Une délégation croissante au privé
Face aux lenteurs du service public, de nombreux automobilistes choisissent de faire appel à des prestataires privés agréés. Ces entreprises facturent la réalisation des démarches administratives, transformant de facto un service public gratuit en service marchand. Cette tendance soulève des interrogations sur l’égalité d’accès : seuls les usagers disposant des moyens financiers nécessaires peuvent échapper à l’enlisement administratif. Par ailleurs, certains sites peu scrupuleux prolifèrent en ligne, entretenant un marché parallèle parfois frauduleux.

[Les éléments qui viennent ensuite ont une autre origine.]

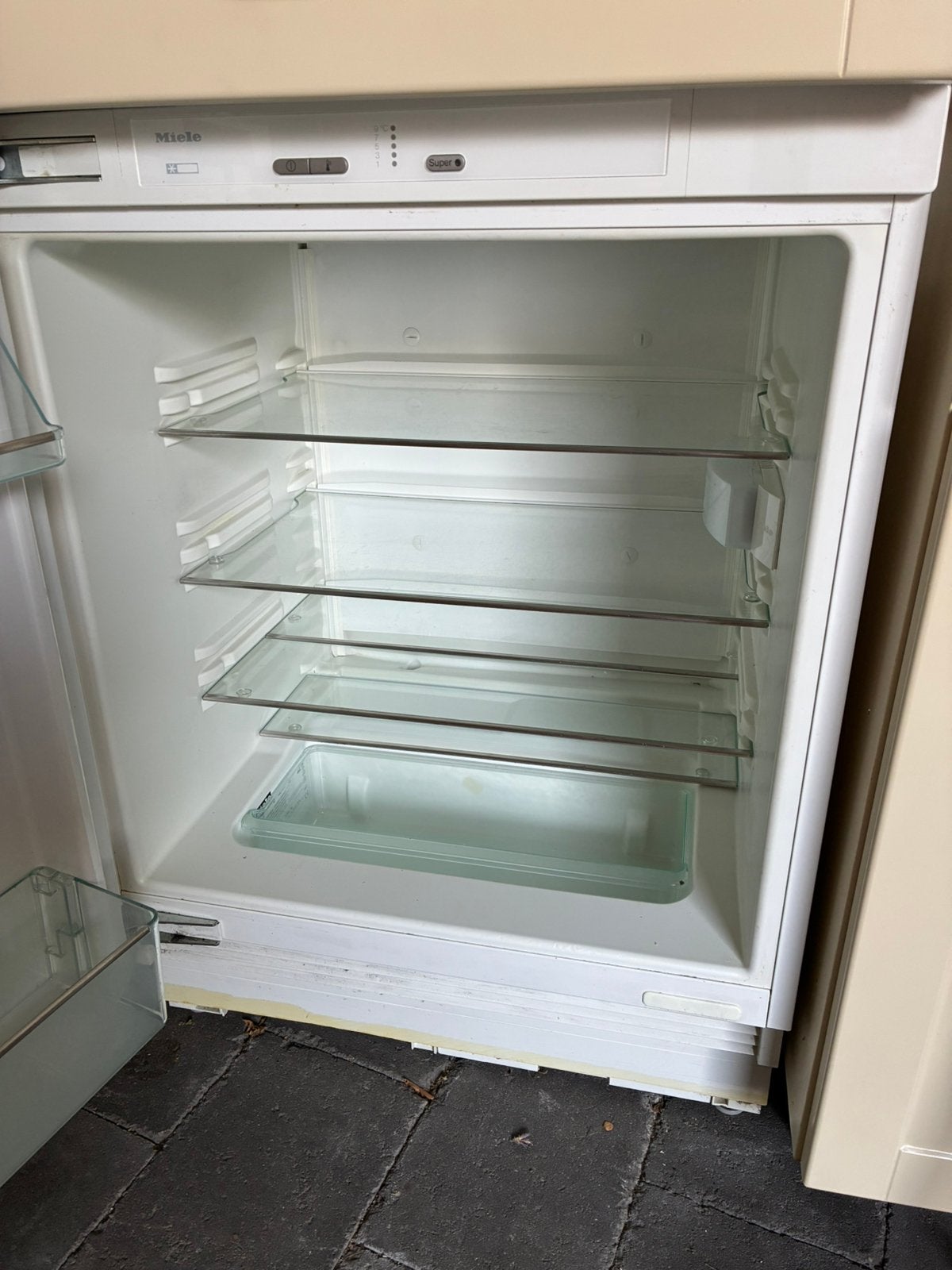 Goed werkende Miele inbouw koelkast te koop, Witgoed en Apparatuur, Koelkasten en IJskasten, 200 liter of meer, Ophalen, Gebruikt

Les cas les plus critiques révèlent les limites du système
Les dossiers atypiques – successions, véhicules importés, changements d’état civil – illustrent les limites de l’automatisation du traitement. Ces situations requièrent un accompagnement humain, aujourd’hui inexistant. Dans ces cas, le blocage est souvent total. Une erreur de saisie ou un document mal interprété par l’algorithme peut bloquer un dossier pendant plusieurs mois, sans recours possible.
Les délais sont d’autant plus critiques que le certificat provisoire d’immatriculation n’est valable que 30 jours. Une fois ce délai écoulé, le conducteur se trouve en situation d’irrégularité, exposé à des amendes pouvant aller jusqu’à 750 euros, voire à l’immobilisation du véhicule.
Des conséquences lourdes pour les plus fragiles
La dématérialisation touche de plein fouet les publics les plus vulnérables : personnes âgées peu familiarisées avec le numérique, usagers en situation de handicap, personnes illettrées ou résidant dans des zones blanches. Le coût humain est difficile à quantifier, mais les témoignages convergent : des journées entières perdues, des déplacements à répétition, un sentiment d’abandon.
Cette exclusion numérique produit aussi des effets économiques indirects : perte de temps, recours à des prestataires payants, amendes, impossibilité d’utiliser son véhicule pour travailler ou se soigner.
Nouvelles taxes, nouvelles contraintes
Autre nouveauté en 2025 : la fin de la gratuité pour les véhicules électriques dans la quasi-totalité des régions. Depuis le 1er mai, seuls les Hauts-de-France conservent une exonération. Le coût pour les automobilistes est estimé à 640 millions d’euros. Parallèlement, le malus écologique est durci : le seuil de déclenchement est abaissé à 113 g de CO2/km (contre 118 g en 2024), et le montant maximal atteint désormais 70 000 euros. Deux véhicules sur trois sont concernés.